Our study was one of a spate of population genetic observations in recent years that have shed light on human history, some involving genetic admixture and others not. A few stand out. David Reich and his colleagues sequenced DNA from a tooth discovered in a cave in Denisova, Siberia, and discovered a new hominin species. They went on to observe that modern humans in New Guinea share DNA sequences with Denisovans, representing “rehybridization” mating events. The genome of a Neanderthal man found in the ice of the Tyrolean Mountains has also been sequenced. Svante Paabo and his colleagues observed rehybridized Neanderthal DNA in the genomes of contemporary Middle Easterners.

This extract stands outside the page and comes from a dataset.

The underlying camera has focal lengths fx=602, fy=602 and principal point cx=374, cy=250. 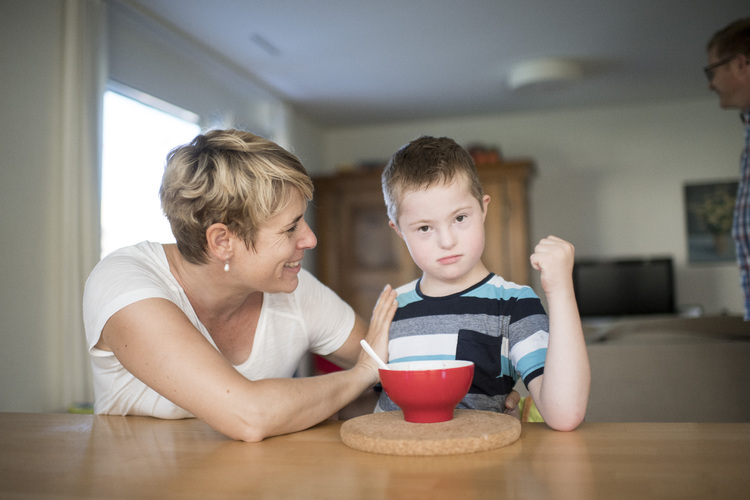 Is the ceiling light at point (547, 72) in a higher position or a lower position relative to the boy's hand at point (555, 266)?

Mutations producing identical traits have occurred in different populations. Lactase persistence enables adults to drink milk and consume dairy products as a significant source of calories. This trait has arisen not only in Europe but also among East Africans. Sarah Tishkoff and her colleagues observed a distinct persistence mutation in the lactase gene among the pastoral herders in East Africa, demonstrating that it did not occur as the result of admixture with European explorers or colonists.
We can learn much about our histories not only by studying the relics and records of our pasts, but also by looking into our genomes. These DNA sequences can tell us about disease susceptibilities; it can also illuminate migrations, rehybridizations and development of new traits. Analysis of DNA blends the study of human history with the study of human biology.